» TASK TO COMPLETE: Reproduce verbatim the lines of the material below, starting at the line with "As 7 Potências" and ending at the line with "والمقلى هنا 10", both inclusive; skip the rest.

» THE INPUT:
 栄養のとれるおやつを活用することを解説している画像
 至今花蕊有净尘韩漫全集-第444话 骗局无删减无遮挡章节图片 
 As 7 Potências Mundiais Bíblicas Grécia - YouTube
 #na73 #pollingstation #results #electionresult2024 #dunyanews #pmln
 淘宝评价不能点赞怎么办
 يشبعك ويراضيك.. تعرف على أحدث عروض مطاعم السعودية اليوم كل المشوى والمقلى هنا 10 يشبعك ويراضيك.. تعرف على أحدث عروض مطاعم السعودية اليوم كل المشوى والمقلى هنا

...

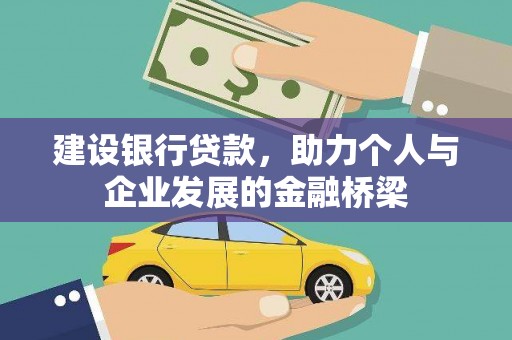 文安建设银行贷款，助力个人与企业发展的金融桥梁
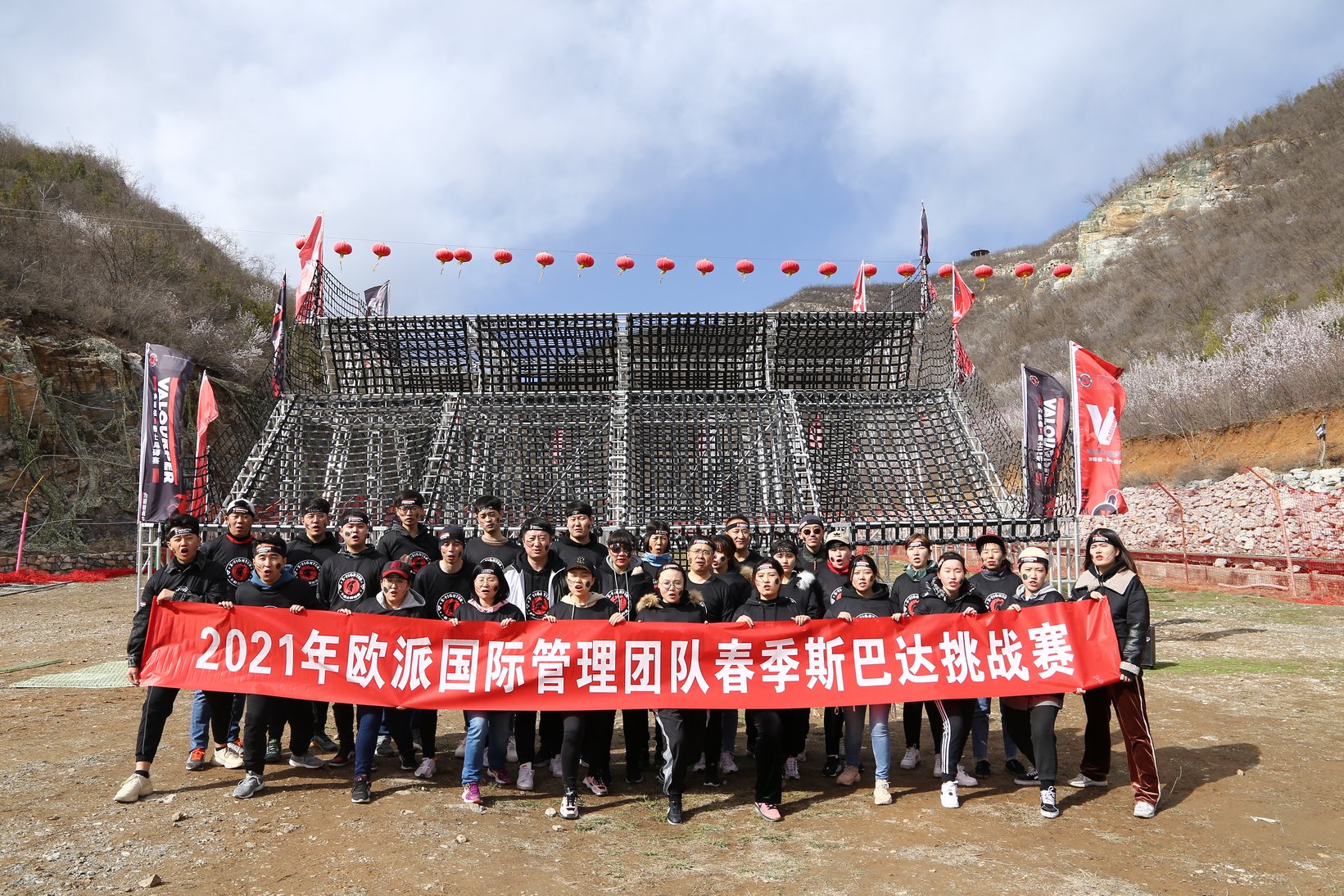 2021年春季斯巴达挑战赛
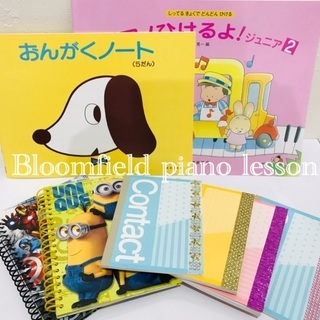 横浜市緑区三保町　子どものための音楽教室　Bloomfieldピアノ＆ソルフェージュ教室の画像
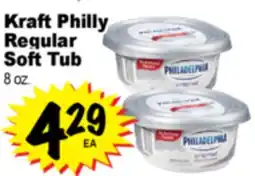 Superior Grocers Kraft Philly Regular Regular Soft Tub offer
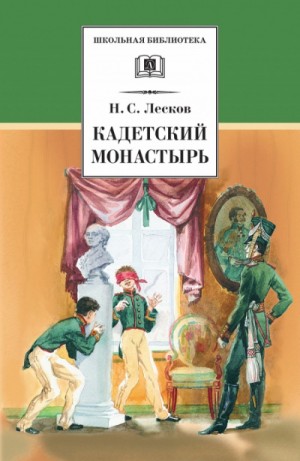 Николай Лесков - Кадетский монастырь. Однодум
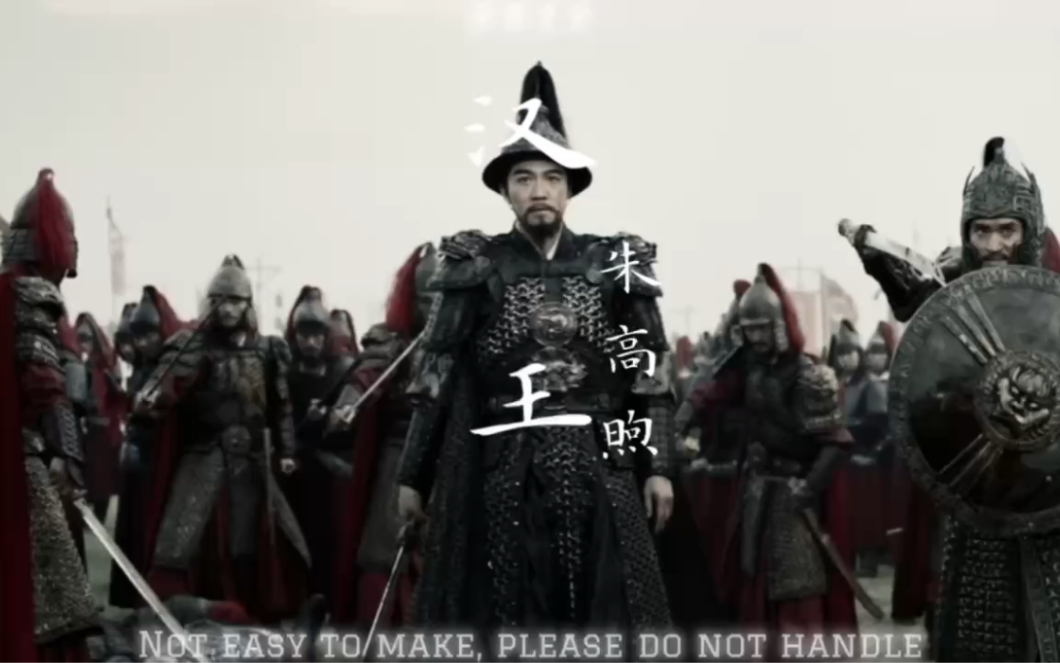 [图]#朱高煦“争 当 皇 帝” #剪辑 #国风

» ANSWER SECTION:
 As 7 Potências Mundiais Bíblicas Grécia - YouTube
 #na73 #pollingstation #results #electionresult2024 #dunyanews #pmln
 淘宝评价不能点赞怎么办
 يشبعك ويراضيك.. تعرف على أحدث عروض مطاعم السعودية اليوم كل المشوى والمقلى هنا 10 يشبعك ويراضيك.. تعرف على أحدث عروض مطاعم السعودية اليوم كل المشوى والمقلى هنا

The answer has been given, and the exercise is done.